14-Dans l’espèce jugée par la cour de Nancy, s’il y eu « faute de jeu » par inattention car le joueur ne s’est pas assuré de la présence d’autres participants, il n’y a pas eu de « faute contre le jeu » car « les éléments versés aux débats sont insuffisants pour établir la connaissance qu’avait (le joueur incriminé) de la proximité d’autres participants au jeu au moment où il a entrepris de frapper la balle au moyen d’un ‘retourné ». Quand les juges affirment que la « faute sportive n’est pas équipollente à la faute civile », ils ne peuvent viser que la « faute de jeu » et non la « faute contre le jeu » que rien ne distingue de  la faute civile.

La cour de Paris cite  la circulaire 12.05 de juillet 2011 émanant de la Direction Nationale de l’arbitrage de la F.F.F rappelant les fautes et comportement antisportif de la loi XII des Lois du Jeu et indiquant que « dans le tacle avec violence (…) la seule intention est celle d’arrêter violemment le joueur adverse, et ainsi de mettre éventuellement en danger son intégrité physique ».  Elle relève  que la vidéo montre « deux joueurs courant en direction du ballon et le fait qu’ils ont tous deux lancé le pied dans un même temps pour jouer le ballon». Elle ajoute « qu’aucun élément ne permet de retenir de la part de A une volonté d’arrêter F, ni de mettre en danger son intégrité physique, qui pourrait être appréciée comme une faute grossière susceptible d’engager sa responsabilité ». S’il a pu y  avoir faute de jeu, il n’y a pas eu de faute contre le jeu dès lors qu’il  n’a pas été prouvé que l’auteur du coup a voulu empêcher son adversaire de continuer sa progression.

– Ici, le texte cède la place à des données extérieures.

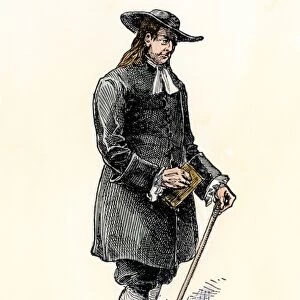 A Pennsylvania Quaker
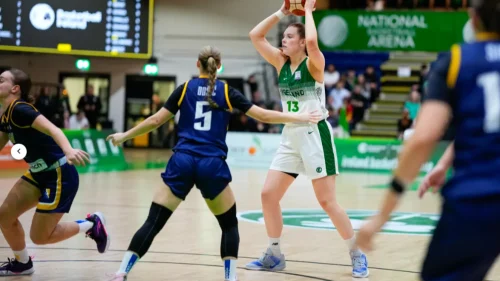 Košarkašice Irske nadigrale Bosnu i Hercegovinu u kvalifikacijama za EvroBasket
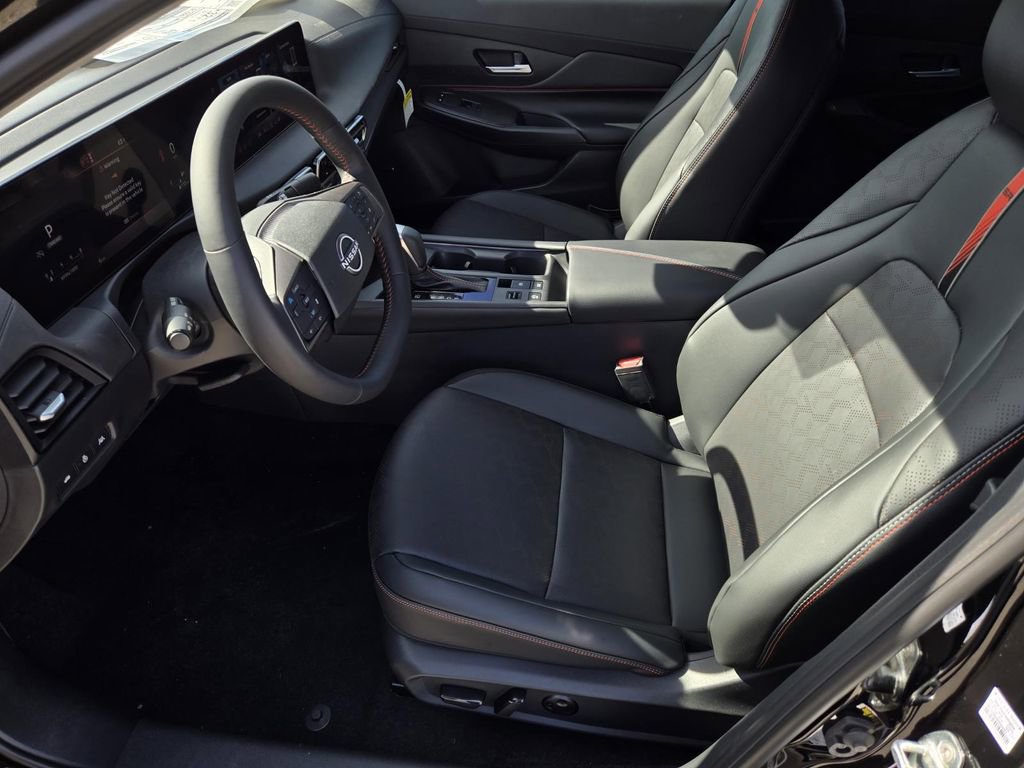 New 2026 Nissan Sentra SR w/ SR Premium Package image 19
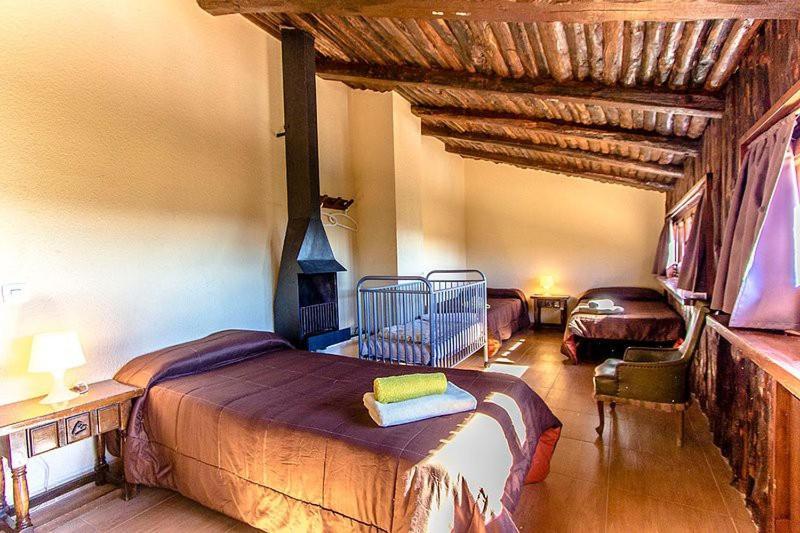 Casa Rural Can Panxa Sant Pere de Vilamajor Екстер'єр фото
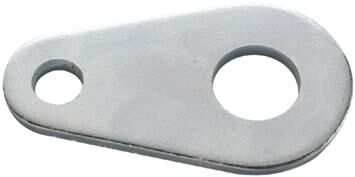 Fix-nippel asplaat axle link f.mount.fr. stays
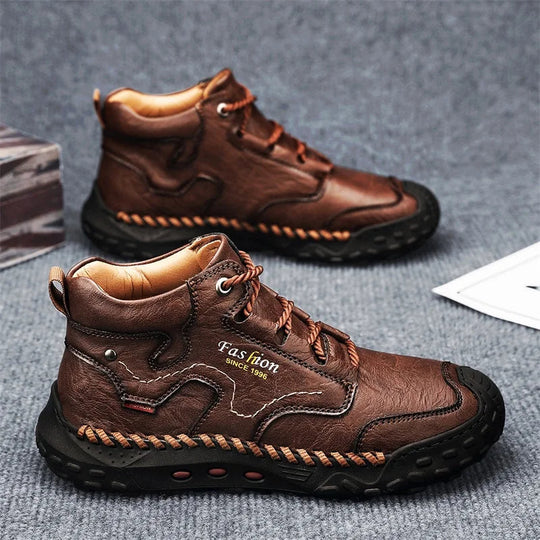 Freizeitschuhe für Herren | Klassische Retro-Stiefel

15-C’est l’occasion pour la cour de Paris de rappeler que l’existence d’une sanction disciplinaire ne lie pas le juge et  que « les règles de la responsabilité civile du joueur sont indépendantes des sanctions prises par les fédérations sportives ». L’ordre juridique étatique n’est pas sous la coupe de l’ordre juridique sportif. « Juge du résultat sportif de la compétition, l’arbitre n’est pas juge de la responsabilité[9] ».

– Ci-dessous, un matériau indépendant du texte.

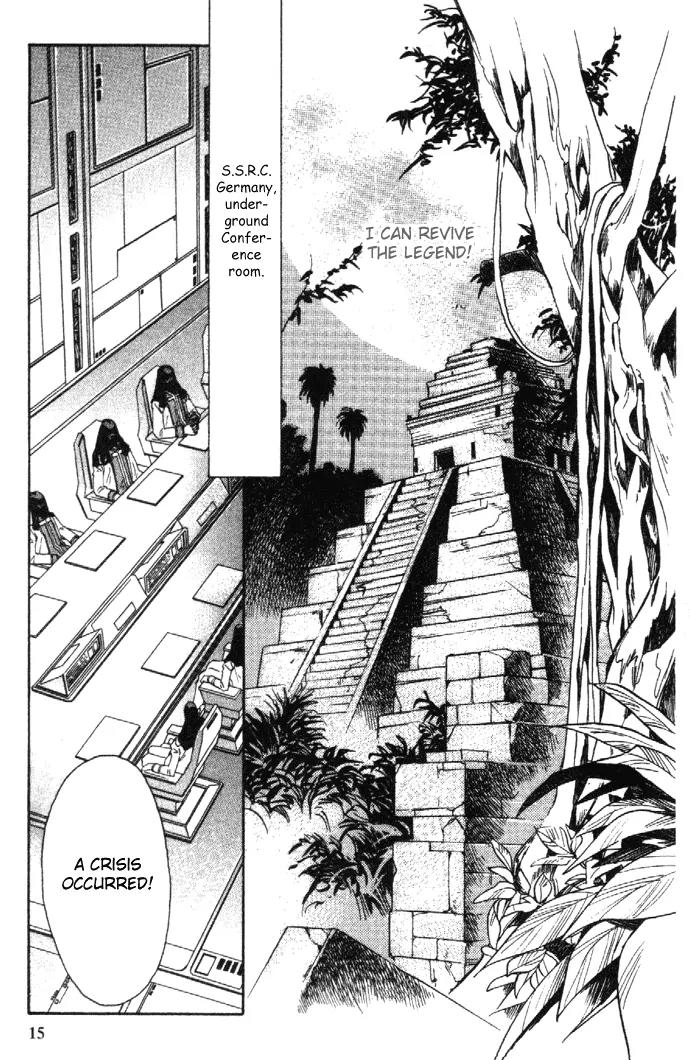 Zeus Chapter 2.3-1 page 17 - Vol.2 Chapter 3.1: Ode to Joy (a)
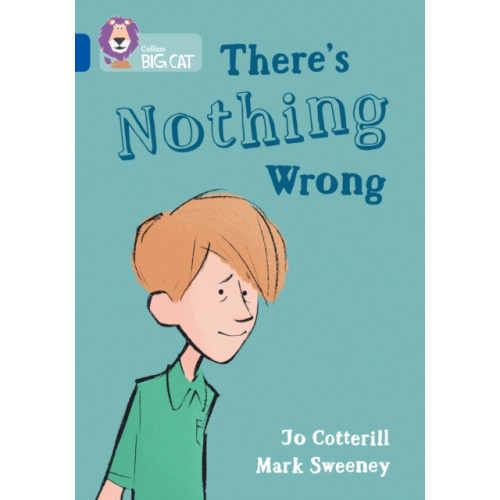 HarperCollins Publishers There's Nothing Wrong (häftad, eng)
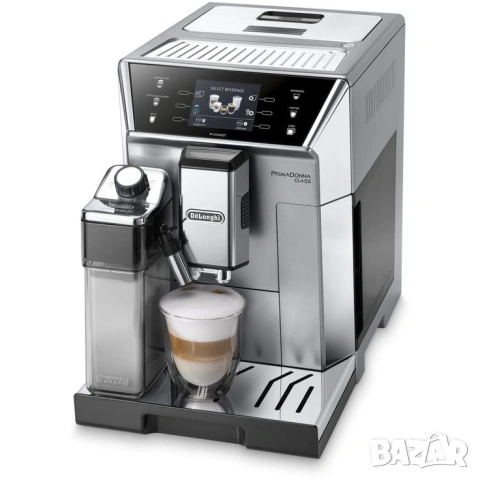 Delonghi ECAM556.55.MS Prima Donna Class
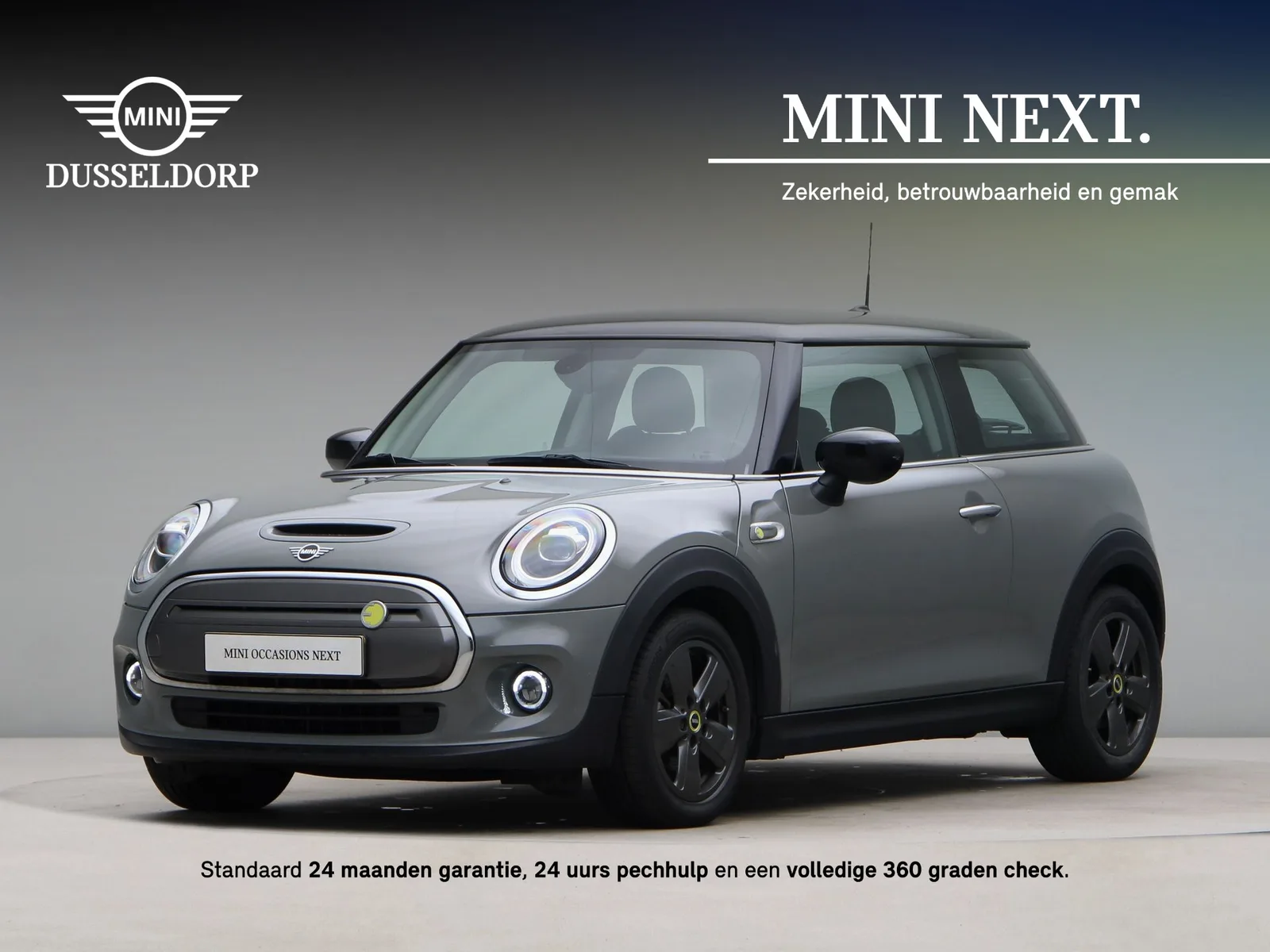 MINI Electric (2020) — foto 1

3- La remise en question du relèvement du seuil de la faute:

16-L’arrêt du 4 novembre 2010  a mis fin à l’éviction de l’article 1384 dans les compétitions sportives en abandonnant la théorie de l’acceptation des risques. Tirant parti de cette jurisprudence applicable à la responsabilité du fait des choses, la victime du coup de pied retourné prétendait qu’elle  pourrait être transposée à la responsabilité pour faute. Selon son analyse, si la Cour de cassation a supprimé l’acceptation des risques dans le domaine de la responsabilité du fait des choses pourquoi ne pas admettre que les tribunaux suivant cet exemple l’appliquent également à  la responsabilité du fait personnel  et renoncent à l’exigence d’une faute qualifiée? Si l’acceptation des risques ne fait plus barrage à la responsabilité du fait des choses, pourquoi continuer à l’appliquer à la responsabilité du fait personnel ?   Un coup donné par inadvertance suffirait alors à constituer une faute civile sans que le juge ait à se demander si la prise de risque a été consciente et donc anormale.

17-La cour de Nancy oppose une fin de non recevoir à ce raisonnement. Il faut l’approuver quand elle affirme que le juge doit « porter une appréciation concrète sur le caractère fautif des comportements en cause, ce qui implique de tenir compte du contexte dans lequel s’inscrit la pratique sportive ». Le « contexte » dont il est question est celui des sports de contact pratiqués en compétition qui implique nécessairement un relèvement du seuil de la faute si on ne veut pas fausser le déroulement de l’épreuve.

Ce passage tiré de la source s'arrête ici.